2016-11-10 Thread Thomas Gleixner
On Thu, 10 Nov 2016, Lu Baolu wrote:
> On 11/09/2016 05:37 PM, Thomas Gleixner wrote:
> > On Tue, 1 Nov 2016, Lu Baolu wrote:
> >> +static void early_xdbc_write(struct console *con, const char *str, u32 n)
> >> +{
> >> +  int chunk, ret;
> >> +  static char buf[XDBC_MAX_PACKET];
> >> +  int use_cr = 0;
> >> +
> >> +  if (!xdbc.xdbc_reg)
> >> +  return;
> >> +  memset(buf, 0, XDBC_MAX_PACKET);
> > How is that dealing with reentrancy?
> >
> > early_printk() does not protect against it. Peter has a patch to prevent
> > concurrent access from different cpus, but it cannot and will never prevent
> > reentrancy on the same cpu (interrupt, nmi).
> 
> I can use a spinlock_irq to protect reentrancy of interrupt on the same
> cpu. But I have no idea about the nmi one.
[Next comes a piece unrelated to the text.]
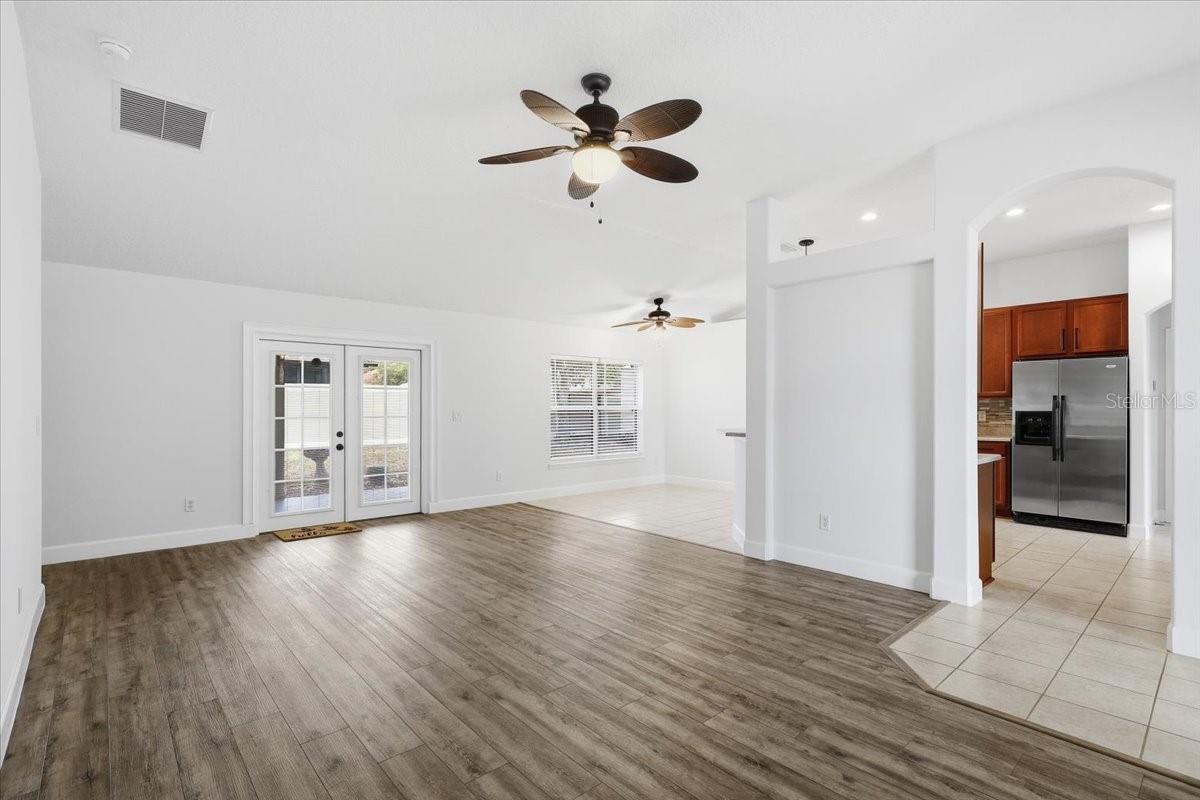 SEMINOLE WOODS - Residential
spinlock wont work due to NMIs.

> This seems to be a common issue for all early printk drivers.

No. The other early printk drivers like serial do not have that problem as
they simply do:

   while (*buf) {
  while (inb(UART) & TX_BUSY)
 cpu_relax();
  outb(*buf++, UART);
   }

The wait for the UART to become ready is independent of the context as it
solely depends on the hardware.

As a result you can see the output from irq/nmi intermingled with the one
from thread context, but that's the only problem they have.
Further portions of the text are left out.